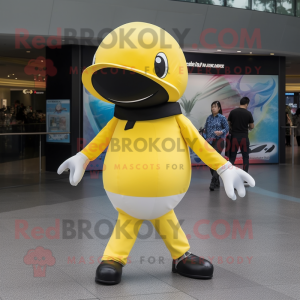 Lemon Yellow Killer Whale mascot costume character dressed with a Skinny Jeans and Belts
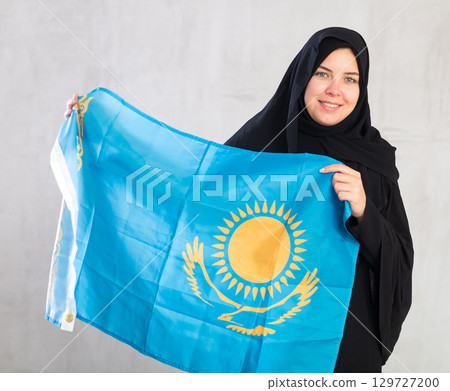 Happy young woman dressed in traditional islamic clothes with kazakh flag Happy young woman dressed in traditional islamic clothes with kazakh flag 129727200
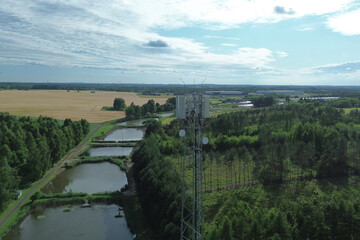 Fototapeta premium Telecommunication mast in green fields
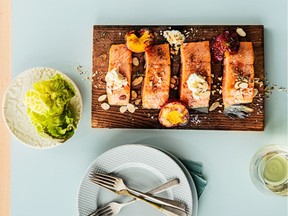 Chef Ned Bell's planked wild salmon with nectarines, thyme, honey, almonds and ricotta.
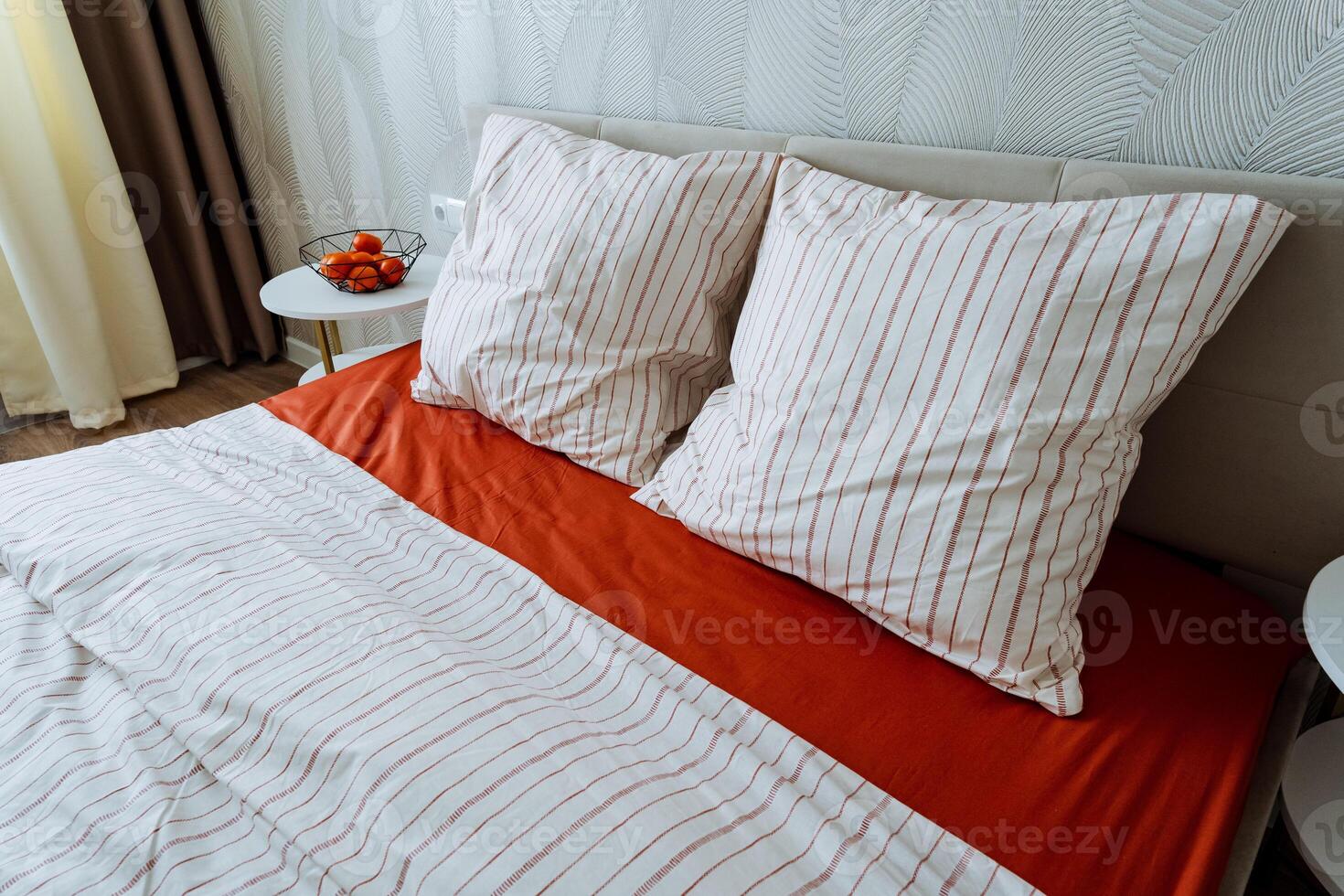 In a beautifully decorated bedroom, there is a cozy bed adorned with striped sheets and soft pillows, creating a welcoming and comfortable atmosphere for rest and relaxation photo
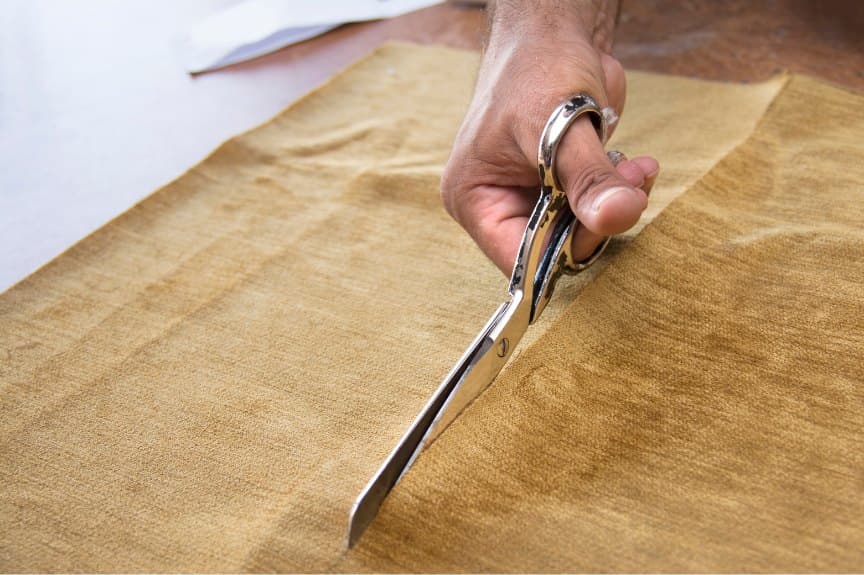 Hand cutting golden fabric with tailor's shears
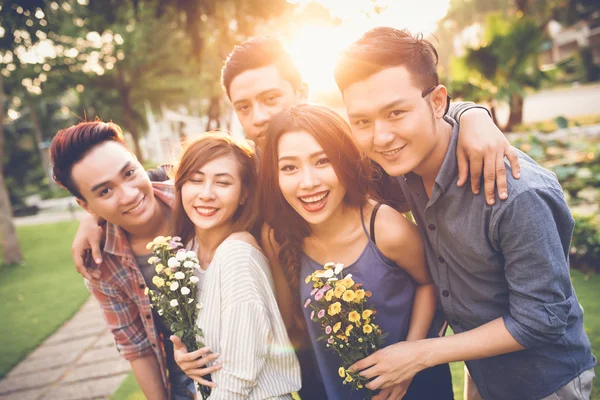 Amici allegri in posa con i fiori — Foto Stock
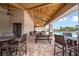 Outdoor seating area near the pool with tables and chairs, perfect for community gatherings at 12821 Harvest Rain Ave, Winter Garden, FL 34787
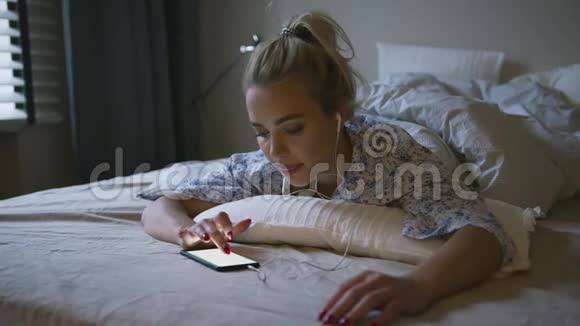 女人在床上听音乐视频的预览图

═══

## Task to complete:
Everything from the line that contains "kazakh flag 129727200" through the final line of the material should be returned exactly, except the pictures.

## Reply to the task:
 Happy young woman dressed in traditional islamic clothes with kazakh flag Happy young woman dressed in traditional islamic clothes with kazakh flag 129727200
 Fototapeta premium Telecommunication mast in green fields
 Chef Ned Bell's planked wild salmon with nectarines, thyme, honey, almonds and ricotta.
 In a beautifully decorated bedroom, there is a cozy bed adorned with striped sheets and soft pillows, creating a welcoming and comfortable atmosphere for rest and relaxation photo
 Hand cutting golden fabric with tailor's shears
 Amici allegri in posa con i fiori — Foto Stock
 Outdoor seating area near the pool with tables and chairs, perfect for community gatherings at 12821 Harvest Rain Ave, Winter Garden, FL 34787
 女人在床上听音乐视频的预览图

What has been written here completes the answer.